*ACTIVITY:* With the pictures left out, transcribe exactly the lines from the one with "Castelnau-d'Arbieu (32500) MAISON" through the end of the data.

*DATA RECORDS:*
+ + + + +

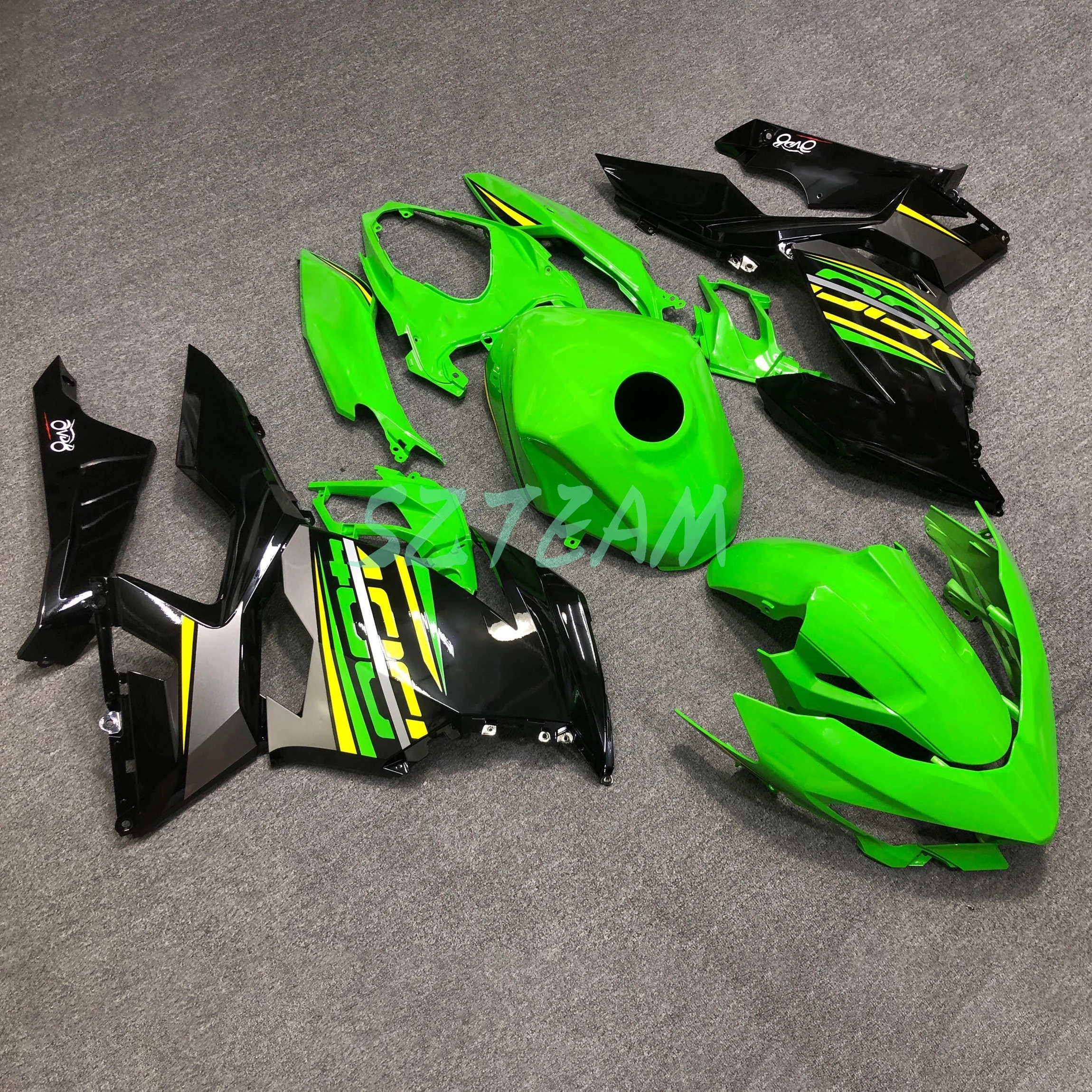 For Kawasaki 2018-2024 Ninja400 Fuel Tank Cover Motorbike Fairing Kit 20-24 EX400R Color-Matched Motorcycle Panel Parts Fairings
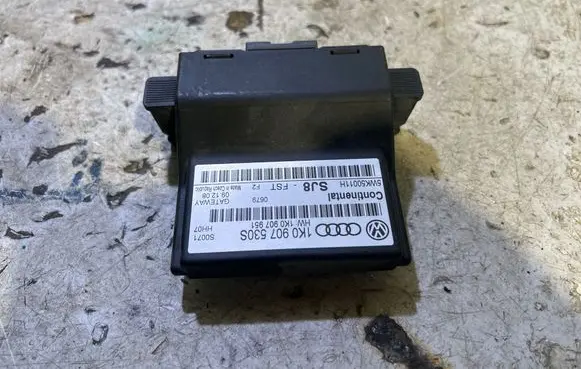 Volkswagen Golf V Gateway control module 1K0907530S 1K0907951 5WK50011H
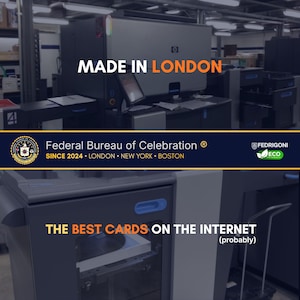 Pu&ograve; includere: Immagine di macchinari per la stampa con la scritta "MADE IN LONDON". Il logo del Federal Bureau of Celebration &egrave; visibile, insieme alla scritta "THE BEST CARDS ON THE INTERNET (probably)". L'immagine include anche il logo Fedrigoni Eco.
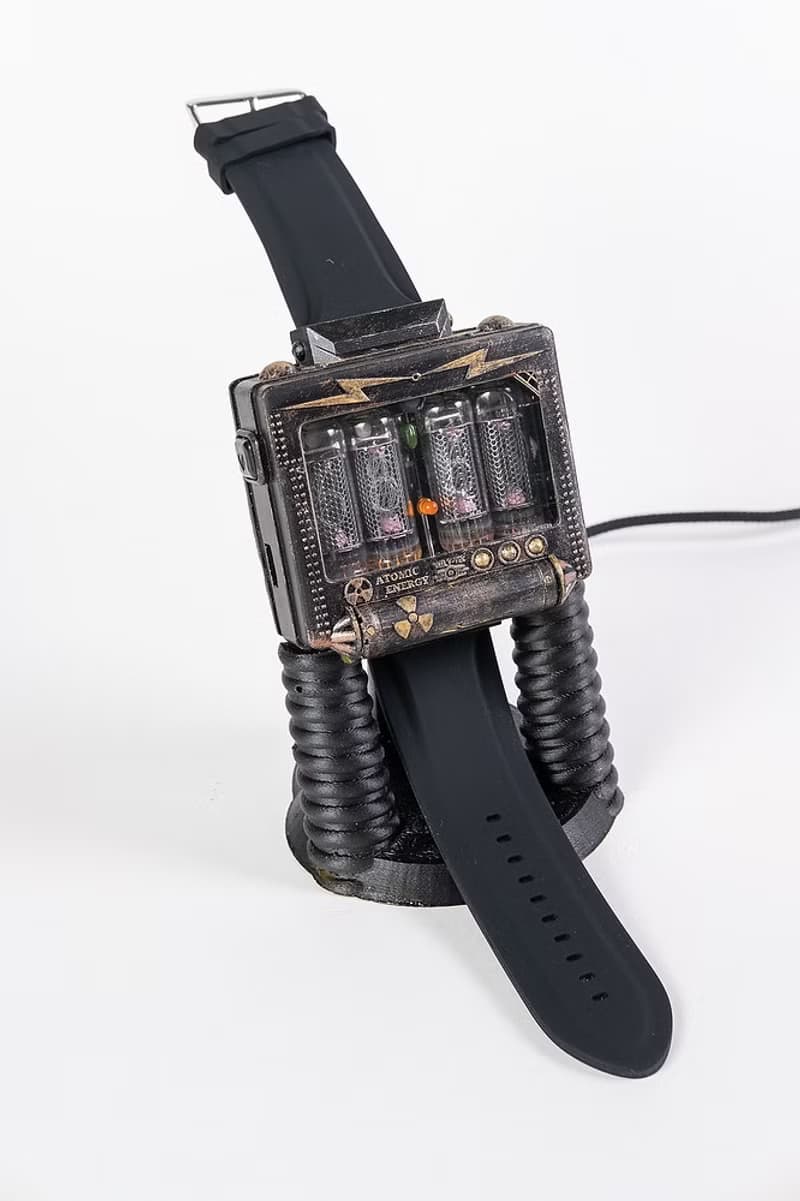 Nixie Tube Watch IN-16 with chronograph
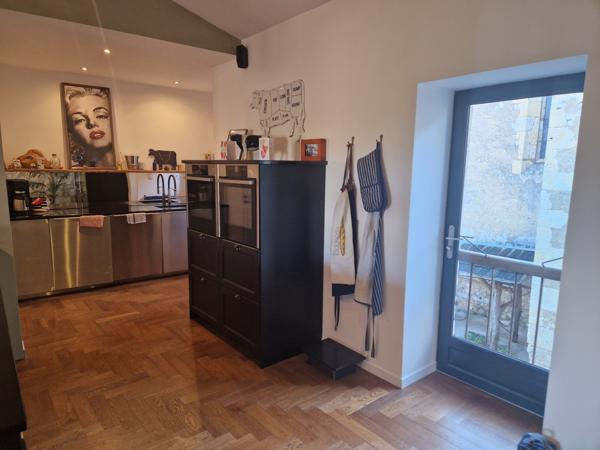 Castelnau-d'Arbieu (32500) MAISON EN PIERRE SUPERBEMENT RÉNOVÉE AU CŒUR D’UN VILLAGE, AVEC JARDIN ET PISCINE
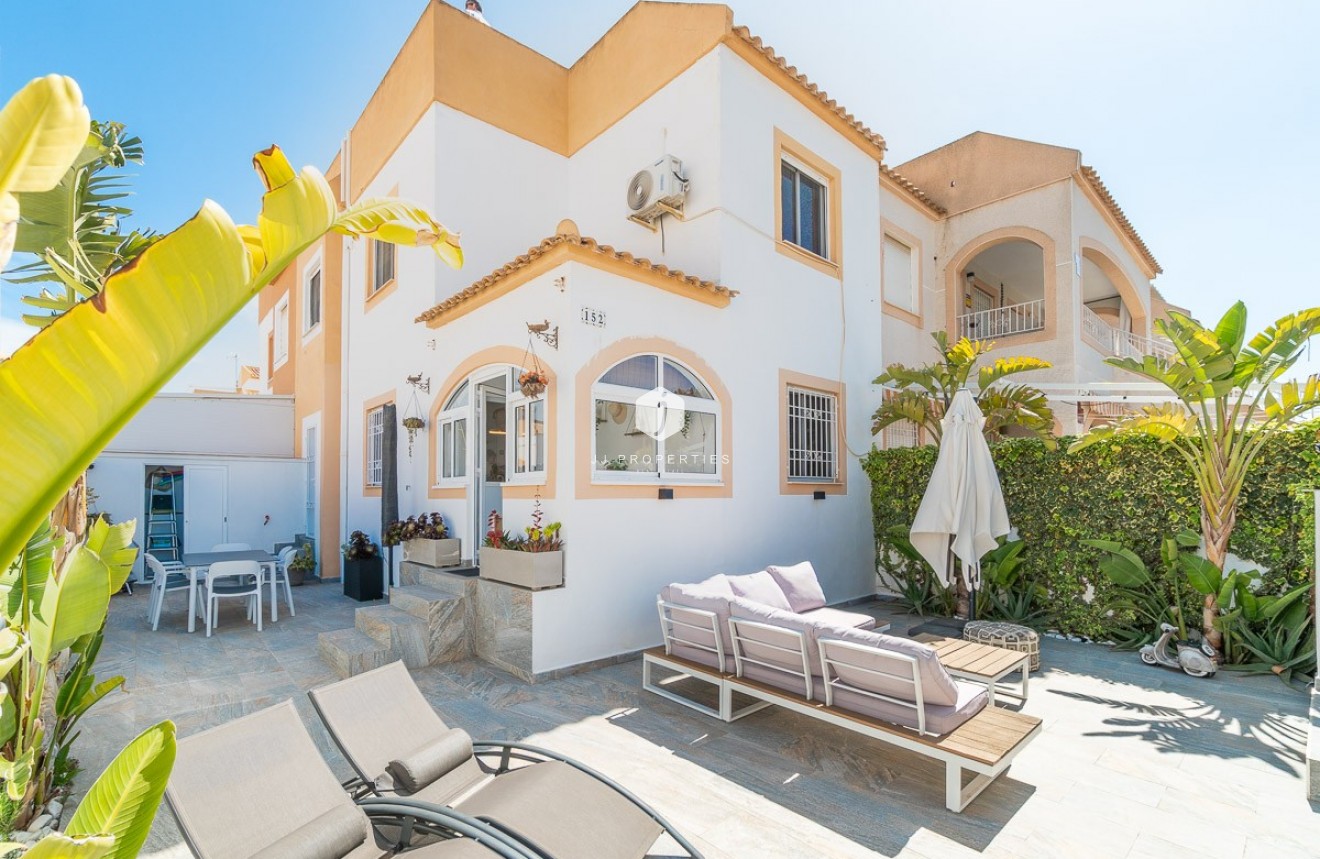 Resale - Chalet -
Torrevieja - Costa Blanca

+ + + + +

*FINAL ANSWER:*
 Castelnau-d'Arbieu (32500) MAISON EN PIERRE SUPERBEMENT RÉNOVÉE AU CŒUR D’UN VILLAGE, AVEC JARDIN ET PISCINE
 Resale - Chalet -
Torrevieja - Costa Blanca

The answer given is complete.